The gig itself has slipped from memory as well, overshadowed by the monstrous thing that happened afterwards. I had stashed the bag with the albums under my desk in the classroom, and when I returned an hour or two later it was gone. The worst possible thing that could happen to me at that age. I was devastated. And embarrassed. I should never have left my vinyl alone. Not for a second. Until today, when I DJ somewhere, I never leave my vinyl unattended.

Over the years, I have replaced what I could remember to have been in that plastic bag. NEU! returned, all of their albums, more Can (not “Opener”, though), and I re-bought some La Düsseldorf. Not Jane, after brief consideration. Didn’t age too well.

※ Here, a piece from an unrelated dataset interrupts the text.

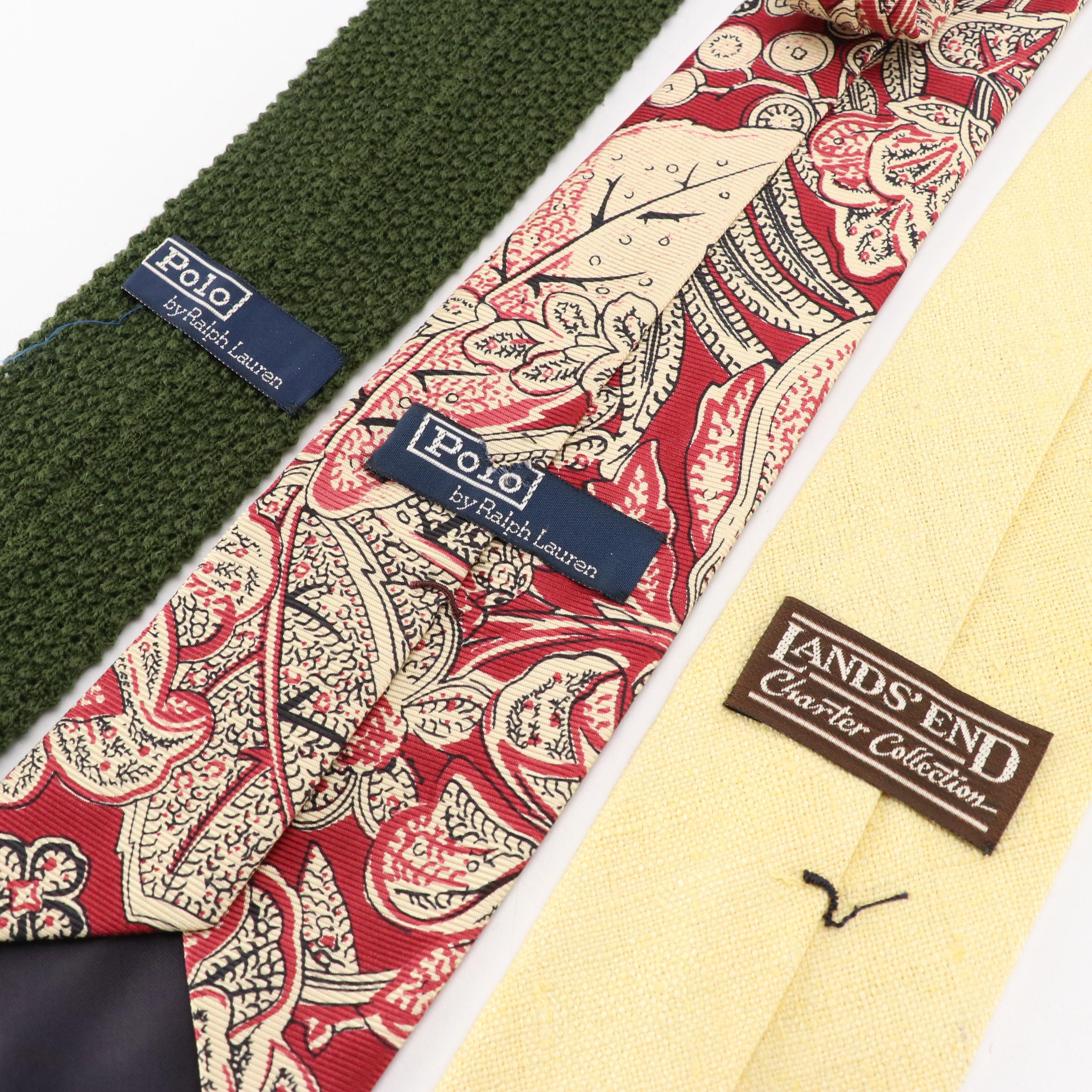 Men's Assorted Silk & Other Neckties from Polo Ralph Lauren, Guy Laroche & More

Growing up in Germany, it was probably inevitable to get exposed to Can’s music if you went out to dance on the weekend. In my favorite club, the music had plenty of variety. The whole place was dancing and everyone loved the really long pieces. Sometimes they would even play “In-A-Gadda-Da-Vida” in full. Hendrix with “Who Knows” or “Machine Gun”, The Doors with parts of their live album. Some home-grown stuff as well – folks went berserk when they played “Gamma Ray” by Birth Control, and I am sure I first got into Can when they played “Mushroom” one night.

Decades later, I ran across Can again on a compilation called “I Like It”. Four musicians picking their favorite tracks. I found it rather interesting and even a little surprising that Richard Dorfmeister chose “Shikako Maru Ten”, the B-side of their “Spoon” 7″. Excellent choice. Yet another decade later I did get myself a Can compilation again – not “Opener” but “The Singles”, a pretty okay collection even if I never really liked three minute single versions of nine minute songs.

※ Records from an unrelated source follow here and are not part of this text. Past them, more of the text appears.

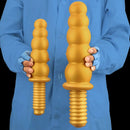 10.62in 14.56in Gold Silicone Anal Plug Dildo With Handle For Love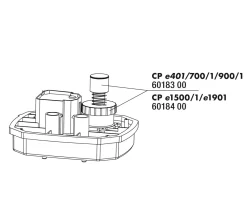 JBL CP e start button + union nut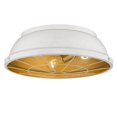thumbnail image 2 of Golden Lighting 7312-FM16 FW Bartlett Flush Mount Ceiling Light, French White, 2 of 5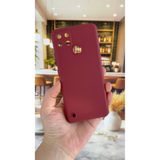 Vip Case Realme C21Y ve C25Y Uyumlu Silikon Darbe Emici Rubber Kılıf, Bordo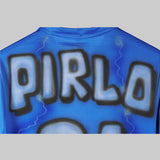 Airbrushed Italy 2014-15 Pirlo Home Kit (M)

Especially considering the way Can produced their music. Even the ten-minutes-plus epics were short versions already, based on jams that could easily go on for hours. Czukay was in charge of recording and editing, sometimes not even telling his bandmates that their jams were put on tape. One more thing to love about this band. They didn’t just say that they wanted to do things differently, they absolutely did.

Just look at how Damo Suzuki was brought on. Czukay and Liebezeit having coffee, watching the man do his thing outside (“singing or praying in the streets of Munich” as Czukay put it), and asking him to join them on stage that same evening. Why? Certainly not based on Suzuki’s superior vocal abilities. Just like his predecessor Mooney, his primary skill was probably uniqueness, even if in a completely different way.

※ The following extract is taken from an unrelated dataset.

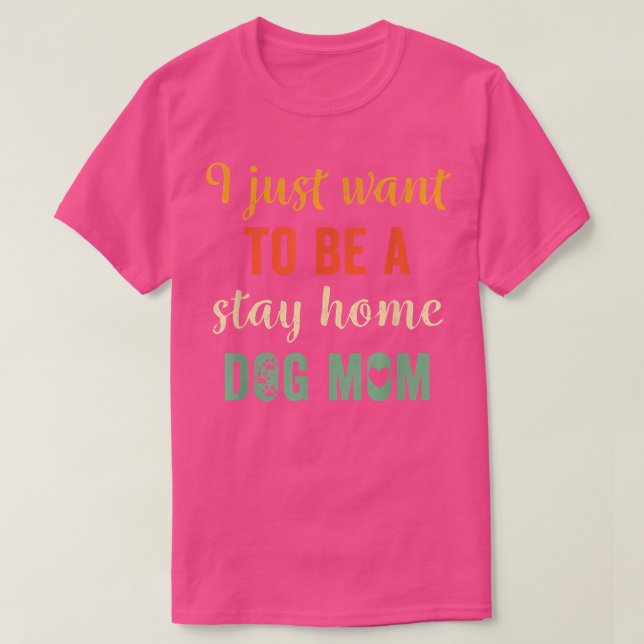 Camiseta Dono de cachorro da mãe retro presentes de amante  (Frente do Design)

A really well-trained lead vocalist wouldn’t have been a good idea anyway. I watched a few videos of Can live performances after the band had sent Czukay off to the side of the stage to work on noises and effects, replacing him on bass with Rosko Gee, a much more versatile and funky player. Too much so, I thought. It felt like whatever the band thought was off in the way Czukay played bass was now missing.

Even in a decade when lead vocalists were often known for their unique approach to singing rather than their impeccable command of a handful of octaves, Suzuki was something of an extreme. It took me a while to get it. At first I wondered why they chose a guy that was close to incomprehensible and often challenging. Mostly on “Tago Mago”, less on the following albums. Why would anyone sing in a way that makes it difficult to enjoy?

At some point I realized that no, a singer doesn’t have to please the listener, and no, the meaning doesn’t just have to be taken from the words, and while we’re at it: it doesn’t even matter if they come across in a language that we understand. And if you think about it – meaning is probably overrated anyway, at least in the sense that a specific meaning would have to be intended and then understood.

Plus – we’re not talking Yoko Ono here, it’s Damo Suzuki. He is at least partly decipherable, and vaguely comprehensible. We may not be clear about what kind of “Mushroom” he is singing, but we know it’s a mushroom. And there’s an explosion at the end of the track. Hint! Some folks thought it might be the kind of mushroom that will send you on a trip – but if that trip leads to repetitively screaming about “despair” it’s not a mushroom I’d want to try.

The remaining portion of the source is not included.